***** Working data
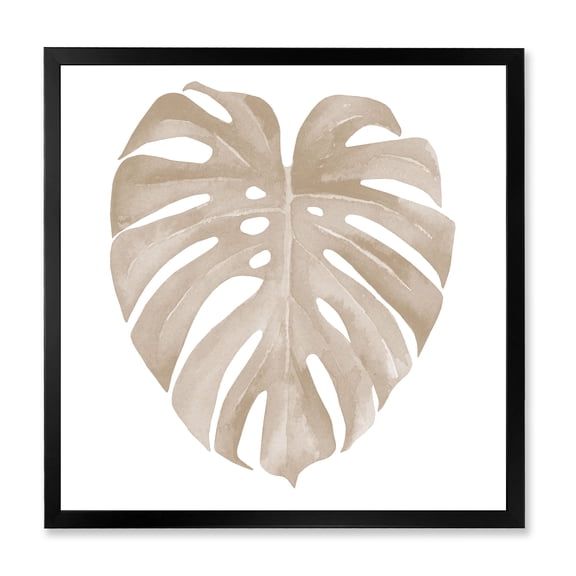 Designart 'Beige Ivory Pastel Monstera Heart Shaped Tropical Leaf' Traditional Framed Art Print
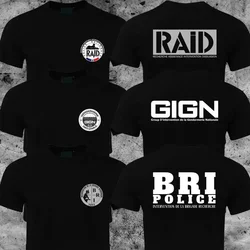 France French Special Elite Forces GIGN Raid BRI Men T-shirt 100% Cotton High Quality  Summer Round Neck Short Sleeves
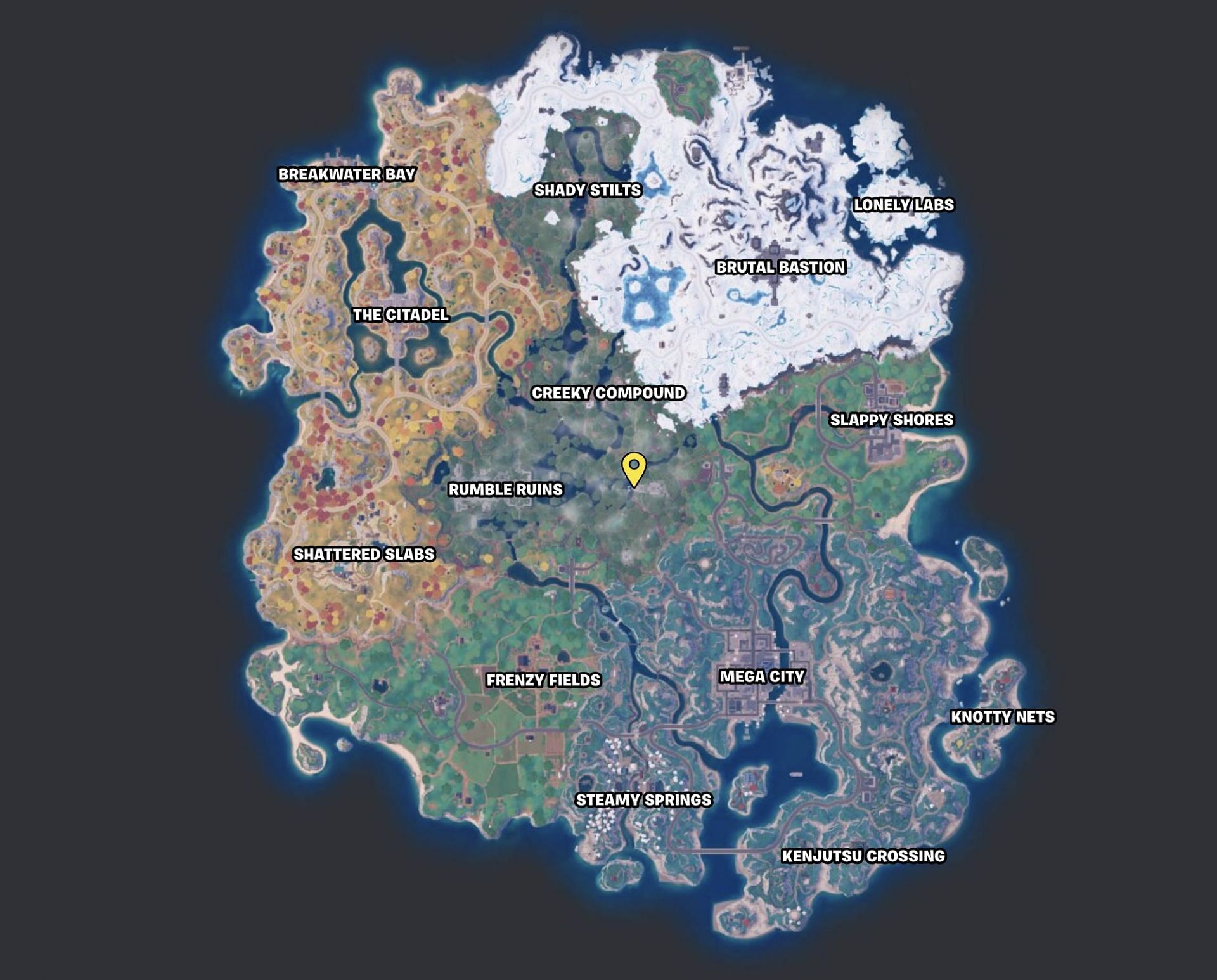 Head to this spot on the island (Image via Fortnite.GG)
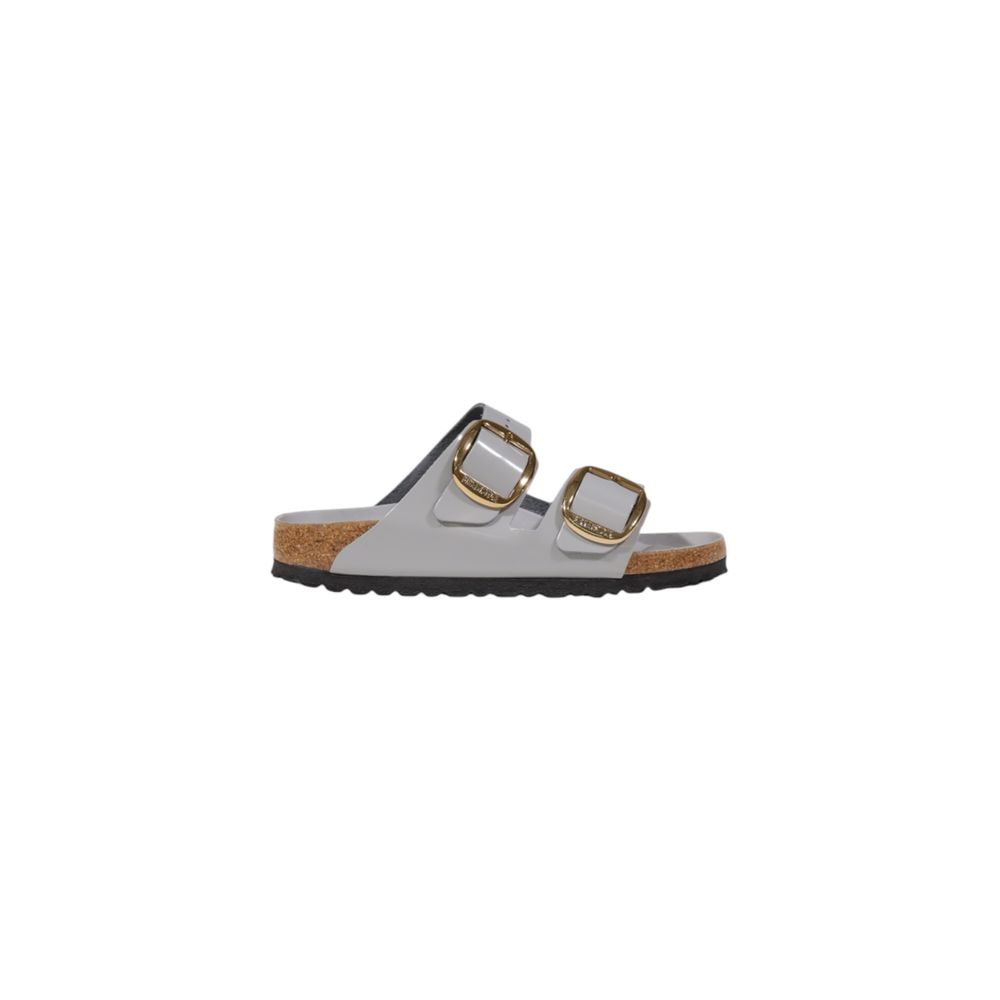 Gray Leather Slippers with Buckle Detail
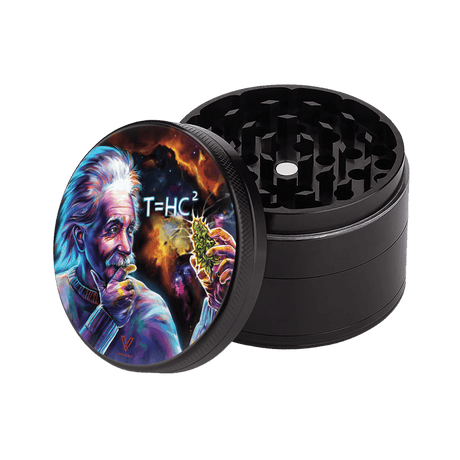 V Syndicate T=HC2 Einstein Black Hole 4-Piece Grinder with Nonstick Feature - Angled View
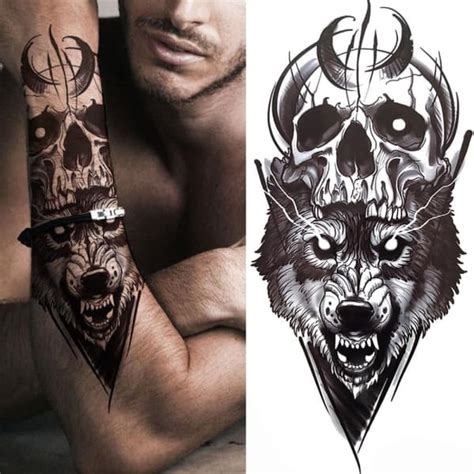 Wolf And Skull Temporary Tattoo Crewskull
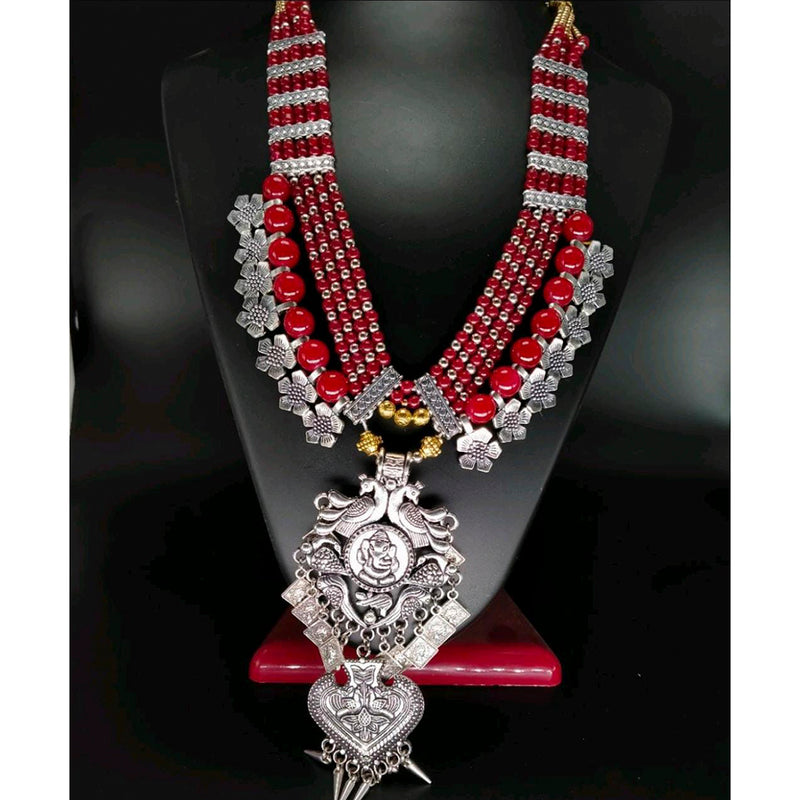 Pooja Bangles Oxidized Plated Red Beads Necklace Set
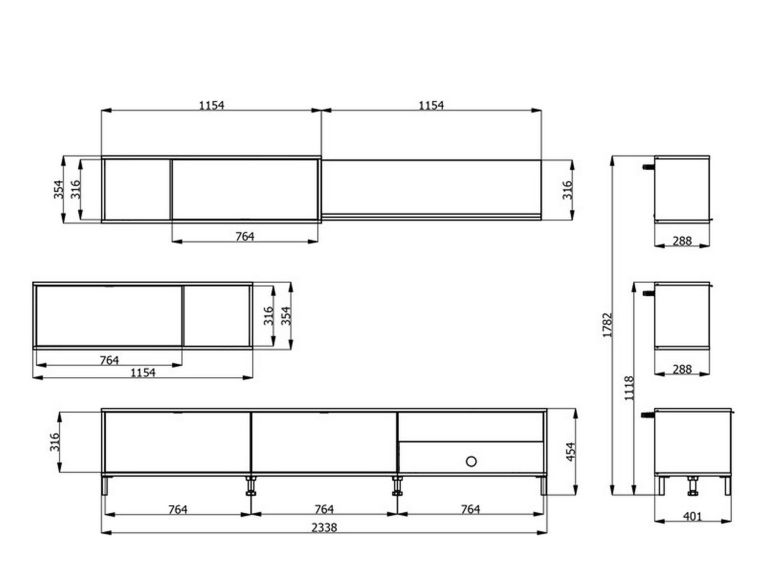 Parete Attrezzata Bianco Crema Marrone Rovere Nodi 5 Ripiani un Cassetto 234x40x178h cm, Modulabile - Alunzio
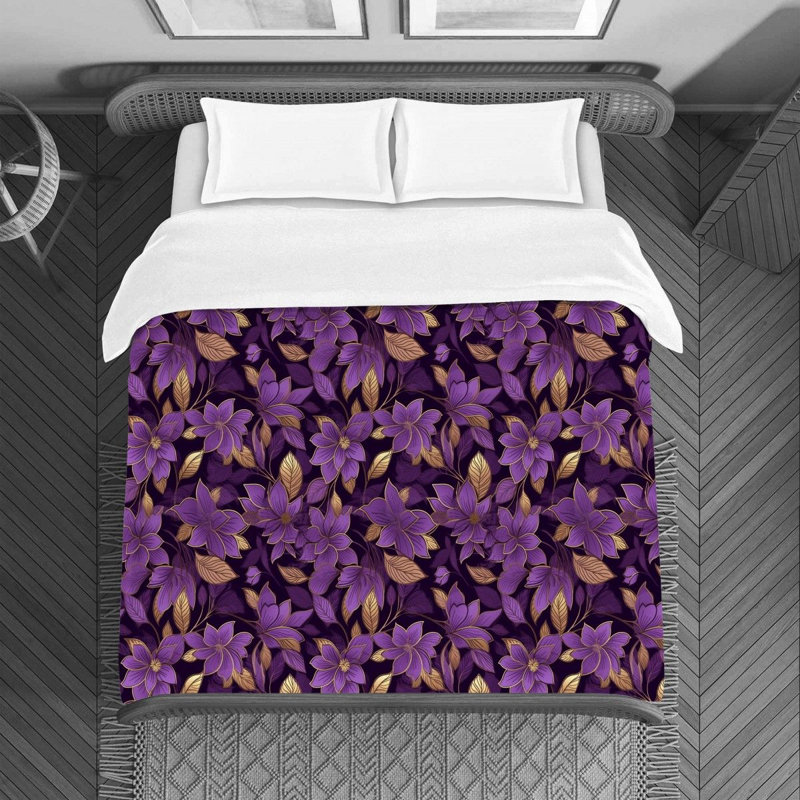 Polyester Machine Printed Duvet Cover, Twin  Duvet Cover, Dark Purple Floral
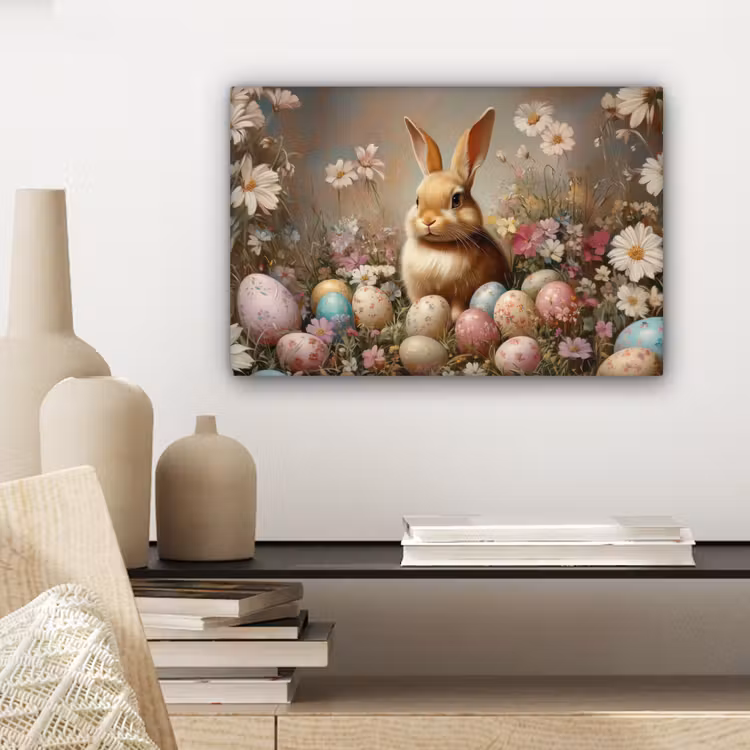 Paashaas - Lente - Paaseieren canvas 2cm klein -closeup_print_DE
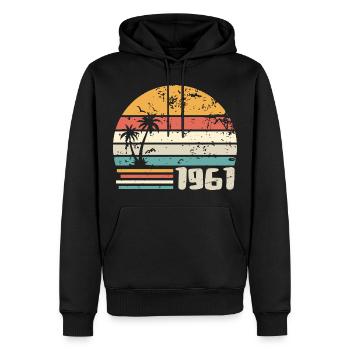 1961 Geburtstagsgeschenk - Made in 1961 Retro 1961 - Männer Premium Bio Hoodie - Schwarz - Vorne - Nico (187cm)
**********
Copy needed, without pictures: the lines of the listing above from the line containing "Wolf And Skull Temporary Tattoo Crewskull" up to and including the line containing "Paashaas - Lente", set down exactly.

 Wolf And Skull Temporary Tattoo Crewskull
 Pooja Bangles Oxidized Plated Red Beads Necklace Set
 Parete Attrezzata Bianco Crema Marrone Rovere Nodi 5 Ripiani un Cassetto 234x40x178h cm, Modulabile - Alunzio
 Polyester Machine Printed Duvet Cover, Twin  Duvet Cover, Dark Purple Floral
 Paashaas - Lente - Paaseieren canvas 2cm klein -closeup_print_DE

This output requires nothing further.